Het eerste wat opvalt: na vijf kwakkeljaren groeit de verkoop weer, terwijl de exploitatiemarges, hoewel gedeukt, vrij goed ontsnappen aan de kaken van het inflatiemonster.

Het Amerikaanse continent - Noord en Zuid samen - is goed voor vier vijfde van de exploitatiewinst vóór afschrijvingen. De organische groei is explosief in Latijns-Amerika en bedraagt er tussen 15 % en 30 %. Dat compenseert de neerwaartse trend van de volumes overal elders, met inbegrip van Azië.

De strategie die deze complexe conjunctuur het hoofd moet bieden, is tweeledig: enerzijds de ontwikkeling van het alcoholvrije aanbod, dat momenteel minder dan 3 % van de omzet vertegenwoordigt, en anderzijds de premiumisering van de catalogus.

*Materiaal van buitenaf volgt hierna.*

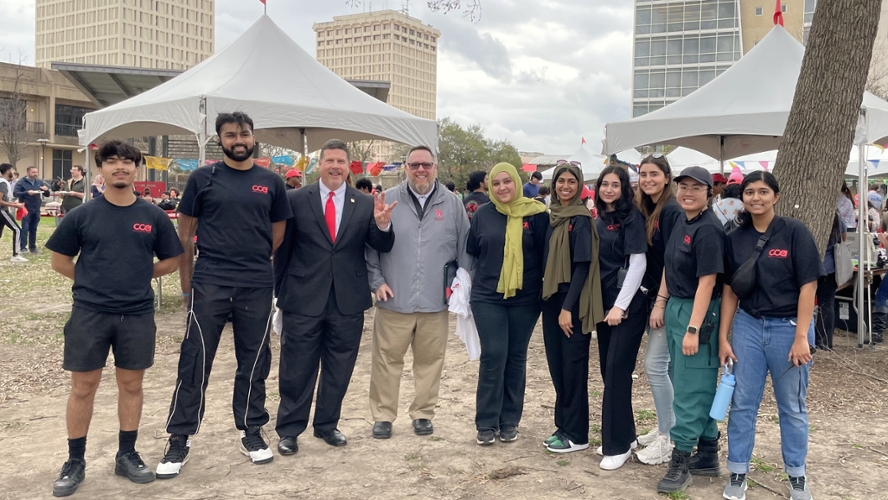 Dr. Paul Kittle and UH staff at the Cultural Taste event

Dat wil zeggen een hogere positionering van het aanbod, in het enige segment van de biermarkt waar men een dubbele groei van prijzen en volumes ziet.

De investeringen zijn de laatste vijf jaar (2017-2022) constant gebleven: we zien jaarlijks zo'n 7 md. USD aan investeringen in marketing en reclame, en 5 md. USD per jaar aan investeringen in de productie. In het laatste geval betreft het onderhoudsinvesteringen, maintenance capex

De gegenereerde vrije kasstroom (free cashflow) blijft echter een neerwaartse trend vertonen, van 11 md. USD in 2017 naar 8 md. USD in 2022. Daarbij houden we geen rekening met verloning in aandelenopties. De vrije kasstroom per aandeel daalde dus van 5,6 dollar in 2017 naar 4 dollar het afgelopen boekjaar.

Tegen 57 EUR per aandeel, of 61 USD, wordt AB InBev verhandeld tegen ongeveer 16 keer haar winst, ondanks de neerwaartse trend van die winst en een nog steeds gigantische schuld van 80 miljard dollar. Dat is, bij gelijke omstandigheden, precies tien jaar contante winst.

De vervaldata voor de herfinanciering komen bovendien gevaarlijk dichterbij: 3 miljard dollar tegen 2025, daarna 20 miljard tussen 2026 en 2029. Er is in dat verband weinig ruimte voor een verhoging van het dividend, dat sinds 2018 al onder grote druk staat. 

Een negatieve groei, een buitensporige hefboom, een dividendrendement van 0,9 % zonder noemenswaardig vooruitzicht op verbetering: ondanks de ongeëvenaarde geografische voetafdruk en het quasi-militaire management - in echte 3G-stijl - valt een eventuele belegging moeilijk te rechtvaardigen.